─── DATA SUPPLIED ───

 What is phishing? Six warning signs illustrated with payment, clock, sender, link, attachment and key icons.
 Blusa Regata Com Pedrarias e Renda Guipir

───
─── DATA SUPPLIED ───

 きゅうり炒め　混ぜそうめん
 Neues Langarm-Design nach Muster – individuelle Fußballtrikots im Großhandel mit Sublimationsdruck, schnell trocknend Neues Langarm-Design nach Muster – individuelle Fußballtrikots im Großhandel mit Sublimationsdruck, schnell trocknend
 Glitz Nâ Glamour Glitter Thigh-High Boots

───
─── DATA SUPPLIED ───

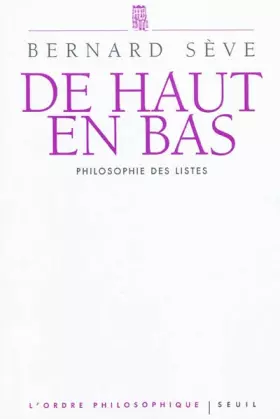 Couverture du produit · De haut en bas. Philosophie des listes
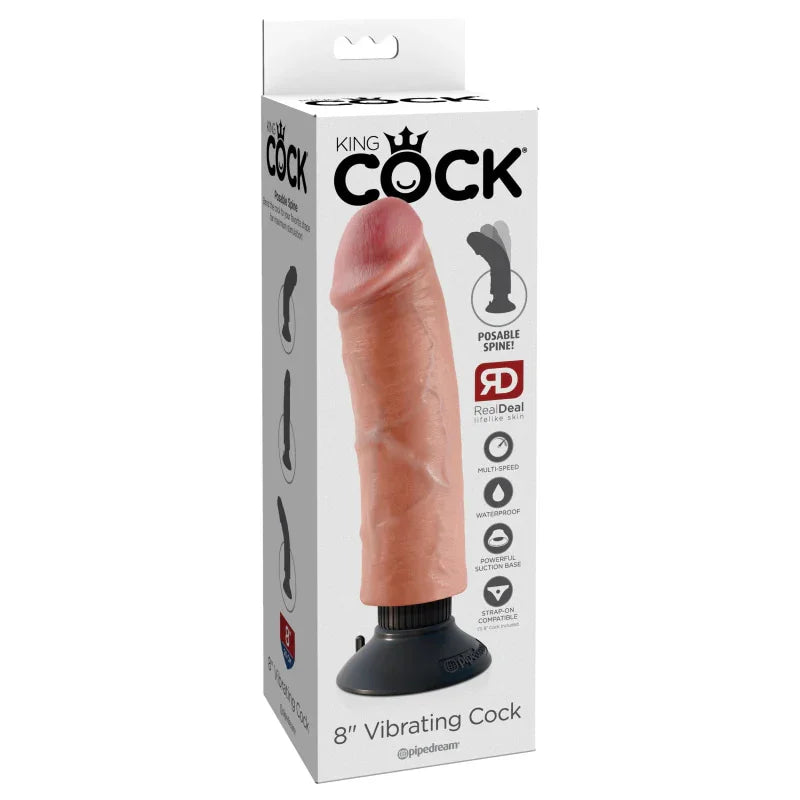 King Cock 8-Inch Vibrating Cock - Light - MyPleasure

───

Reproduce exactly, and with no other material, the lines between those holding "きゅうり炒め　混ぜそうめん" and "Glitz Nâ Glamour Glitter Thigh-High Boots", inclusive.

**ANSWER TO THIS TASK**
 きゅうり炒め　混ぜそうめん
 Neues Langarm-Design nach Muster – individuelle Fußballtrikots im Großhandel mit Sublimationsdruck, schnell trocknend Neues Langarm-Design nach Muster – individuelle Fußballtrikots im Großhandel mit Sublimationsdruck, schnell trocknend
 Glitz Nâ Glamour Glitter Thigh-High Boots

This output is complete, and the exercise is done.